Türsab seçimleri yaklaştıkça sular ısınmaya başladı. Severim bu ortamı ancak artık asla topa girmem. Bacağımı kötü kırdılar. Maçları uzaktan izlerim. Malumunuz iki kelam ettik diye şirketimin biri kapatıldı diğeri ise hala denetimlerden kurtulamıyor.

Bilindiği kadarı ile başkanlık yarışında 3 aday var. Biri 18 senelik başkan, diğeri geçen sene kıl payı başkanlık yarışını kaybeden Emin Çakmak, diğeri ise Firuz Bağlıkaya. Öncelikle her 3 adayımıza da başarılar dilerim. Yarışa yeni katılan Firuz arkadaşımızı da içtenlikle kutlarım.

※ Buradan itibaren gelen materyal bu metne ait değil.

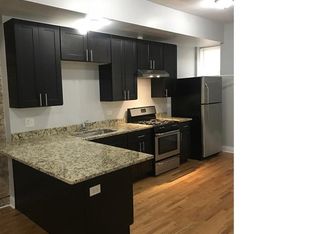 239 E 51st St, Chicago, IL 60615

Malum kendisi senelerce Türsab yönetiminde çalışmış, Türsab içerisinde her türlü tecrübe ve donanıma sahip, yabancı diller ve kültür birikimleri ile seçimi kazandığı takdirde görevini layığı ile yapacağından emin olduğum bir arkadaşımızdır. Bendeniz, Başaran Ulusoy’un 18 senede yaptıklarını takdir ederken yapamadıklarını veya eksikliklerini aynı ekolden gelen ve başkan ile omuz omuza çalışmış olan Firuz Bağlıkaya arkadaşımızın layığı ile tamamlayacağına gönülden inanıyorum.

Elbette adayların bu yola kimlerle çıktıkları da önemlidir. Ancak, Firuz’un da Kadın düşmanı olarak bilinen, Genel kurulda bir kadın arkadaşımızın odasına “erkek gönderme” önerisinde bulunan, her genel kurulda en öne oturup salya sümük rakiplerine küfür, aşağılama, hakaretlerde bulunan, insanları espri dahi olsa “cenin ticareti” yapmakla itham eden, kendisini hac-umre dahisi ilan edip Arap misafirlerini Aksaray’ın arka sokaklarının en mümtaz! batakhanelerinde malum şekilde ağırlayan, kısaca bu camianın en nefret edilen, en sevilmeyen insanlarından uzak durması gerekmektedir. Çünkü camiamızın hiçbir onurlu kadınının kendisini bu derece aşağılayan bir kişi! ve onun temsil ettiği grubuna oy verecek kadar onursuz olduğunu düşünemiyorum.